Foster has had multiple run-ins with the law since being drafted by the 49ers 31st overall in 2017 out of Alabama. He was charged in January in Alabama with second-degree marijuana possession. That charge was eventually dismissed after he completed a first-time offender diversion course.
Foster then faced more serious charges for an incident in California in February. He was initially charged in April with felonies for domestic violence, making criminal threats and weapons possession after being accused of beating up Ennis.
A judge ruled there was no probable cause on the first two charges after Ennis recanted the allegations and the judge found no other evidence to support the charges. The weapons charge was reduced to a misdemeanor and Foster pleaded no contest to that in June. He was sentenced to two years of probation, 232 hours of community service and $235 in fines.

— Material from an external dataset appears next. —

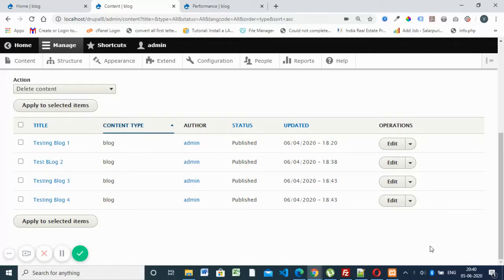Hello everyone. Today we are going to discuss how to get Drupal custom content type data in the home page. Our aim is to fetch custom content type values and display them in the home page using PHP variables. First, you have to fetch that data, assign it to a PHP variable, and pass it to the corresponding page.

Foster was suspended the first two games of this season for violating the NFL’s conduct and substance-abuse policies.
He has struggled on the field this season as well and has dealt with shoulder and hamstring injuries. He had missed the past two games with a hamstring injury and was listed as questionable for Sunday.

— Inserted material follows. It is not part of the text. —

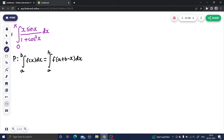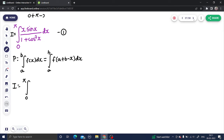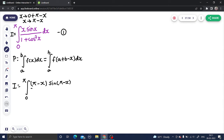Let me write the given integral as I — call this equation number one. Using this property, I can write I as the integral from 0 to π, replacing x by (0 + π − x), which means x is straight away replaced by π − x. So inside sine I write π − x, divided by 1 plus cos²(π − x) dx.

Foster had 29 tackles in six games this season with no sacks, forced fumbles, fumble recoveries or interceptions. He also missed 10 tackles in six games, according to SportRadar, and has the second-highest rate of missed tackles among any linebacker with at least 200 snaps on defense.
“One of our tenets is protect the team and he didn’t protect the team,” Lynch said. “Nobody is bigger than the team. As talented a player as he was and as many positive steps he has making, we felt like this was the best decision to make.”